The metadata for a subscription includes two parts, one is preferences and the other one is subscription state. SubscriptionPreferences tracks all the preferences for a subscriber (etc. Application could store its customized preferences for message filtering), while SubscriptionState is used internally to track the message consumption state for a given subscriber. These two kinds of metadata are quite different: SubscriptionPreferences is not updated
frequently while SubscriptionState is be updated frequently when messages are consumed. If the underlying key/value store supports independent field update for a given key (subscription), SubscriptionPreferences and SubscriptionState could be stored as two different fields for a given subscription. In this case isPartialUpdateSupported should return true. Otherwise, isPartialUpdateSupported should return false and the implementation should serialize/deserialize SubscriptionData as an opaque blob.

  • createSubscriptionData: Create a subscription entry for a given topic. The initial version would be returned for a success creation. SubscriptionStateExistsException is returned if the subscription entry already exists.
  • updateSubscriptionData/replaceSubscriptionData: Update/replace the subscription data in the underlying key/value store with the given version. If the current version in underlying key/value store doesn't equal to the provided version, the update should be rejected with BadVersionException. The new version should be returned for a successful write. NoSubscriptionStateException is returned if no subscription entry is found for a subscription (topic, subscriber).

Read Subscriptions

  • readSubscriptionData: Read the subscription data from the underlying key/value store. The implementation should take the responsibility of deserializing the metadata into a SubscriptionData object including its preferences and subscription state. Also, its current version needs to be returned for future updates. If there is no subscription data found for a subscription, a null value is returned.
  • readSubscriptions: Read all the subscription data from key/value store for a given topic. The implementation should take the responsibility of managing all subscription for a topic for efficient access.

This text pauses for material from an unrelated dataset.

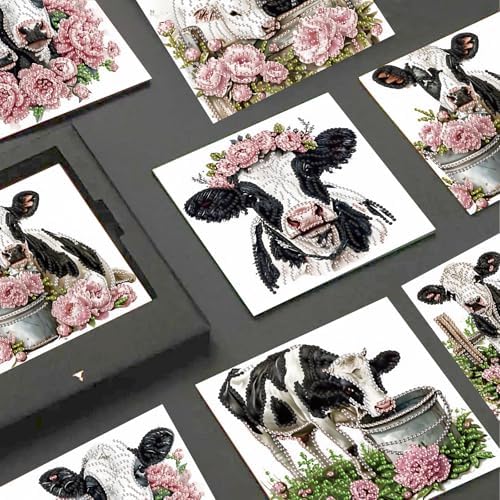 JISHSHAY 6 PCS Cattle Diamond Painting Greeting Cards Cow Diamond Art Birthday Cards with Envelopes Animal Gem Art Mosaic Kits for Adults, for Anniversary Valentine Thank You Graduation All-Occasion - Image 4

An empty map is returned if there are no subscriptions found for a given topic.

Delete Subscription

  • deleteSubscriptionData: Delete the subscription data from the key/value store with given version for a specific subscription (topic, subscriber). The subscription info should be removed if current version in key/value store equals the provided version. Otherwise, the deletion should be rejected with BadVersionException. NoSubscriptionStateException is returned if no subscription data is found for a subscription (topic, subscriber).

How to choose a key/value store for Hedwig.

From the interface, several requirements needs to meet before picking up a key/value store for Hedwig:

  • CAS: The ability to do strict updates according to specific condition, i.e. a specific version (ZooKeeper) and same content (HBase).
  • Optimized for Writes: The metadata access pattern for Hedwig is read first and continuous updates.
  • Optimized for retrieving all subscriptions for a topic: Either hierarchical structures to maintain such relationships (ZooKeeper), or ordered key/value storage to cluster the subscription for a topic together, would provide efficient subscription data management.

ZooKeeper is the default implementation for Hedwig metadata management, which holds data in memory and provides filesystem-like namespace, meeting the above requirements. ZooKeeper is suitable for most Hedwig usecases. However, if your application needs to manage millions of topics/subscriptions, a more scalable solution would be HBase, which also meet the above requirements.